My experience of listening to women talk about abortion has been a combination of hearing a vast range of emotions, sometimes conflicting, about the personal decision combined with a strong demand for legal availability.

I think what we do is separate the legal and the ethical questions first.  

We give people authority to take human life - Congress has the authority to declare war.  Most people do not argue against taking that power away from Congress, though we may argue about the ethics of a particular war (WWII is one that tests the limits of my ability to affirm in an unconditional way that "all war is wrong").  In those cases, we give a few people the authority to risk many, many lives.

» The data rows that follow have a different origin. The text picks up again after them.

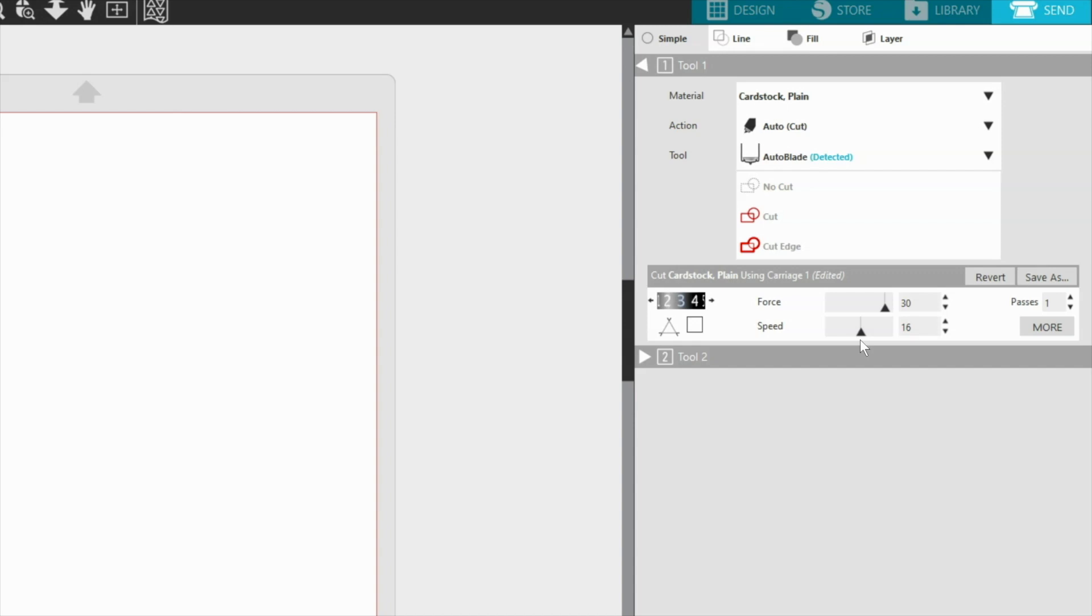If creating settings from scratch for a new undefined material type, always start with a slower speed setting and work your way up according to the results.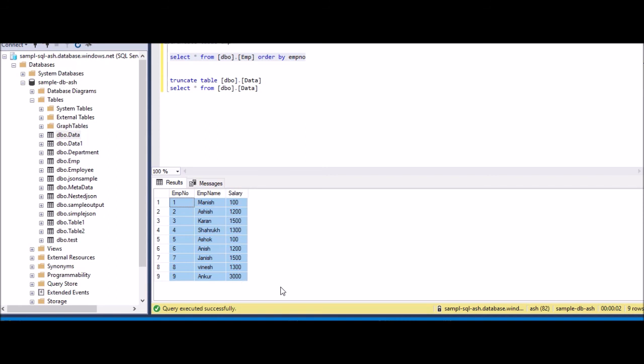So this technique you can use for all different kinds of sources. It's not restricted only to Excel sheet. It can be any source. And this is how we are doing a staging and then we are copying it over. So this will work in the union kind of scenarios. Thank you, thanks for watching this, and don't forget to subscribe.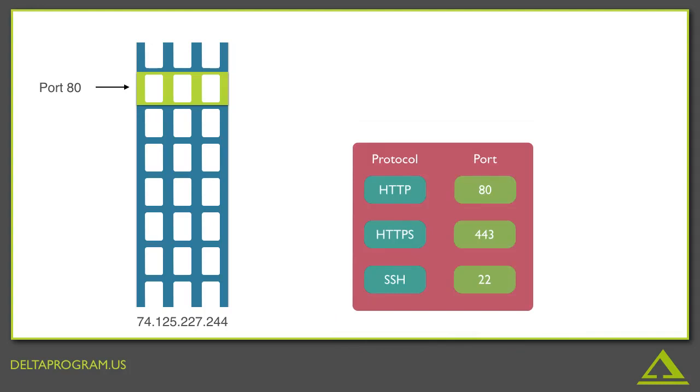Other protocols do have other ports that we might run into. HTTPS is a very common port. That's a secure way of sending the same type of data, and that's on floor or port 443. What's important is not necessarily to memorize every single protocol and its port. You can always look that up, but just to appreciate that different protocols go to different locations.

Only one person has the full range of information about the situation in which an abortion is sought.  Without that full experience of the situation - no one else is in a position to really judge the full ethical implications of situtation, which leaves me saying that "choice" is not as trivial a word as it sounds like.

All that could definitely be thought through more.

If religion means a way of life, and life's necessities are food, clothing, and shelter, then we should not separate religion from economics. - Malcolm X


[ Parent ]
I agree about the extreme terminology, (2.00 / 2)
but in some cases it fits and this is one of them.

The extreme on one side is that a fertilized ovum is a person. The other extreme is that personhood only starts after birth. Those are the kind of razor-sharp lines that call for such terms.

I also agree that this debate is pragmatically easier to handle by deciding how we authorize the taking of life. As you say, we already have means for that. You and I are both authorized by our laws to take life under certain circumstances, and we give that authority to various authorities today as well.

The Moment of Personhood issue does not influence my opinion, for example, on whether a rape victim should be allowed to abort the result ("Yes"). If I recognized that aborted fetus as a person it would, however, influence the penalty for the crime. The pregnancy and any results from it are the criminal's responsibility, nobody else's, and if anyone dies from his actions it is his responsibility.

John Askren - "Never get into a pissing match with a skunk."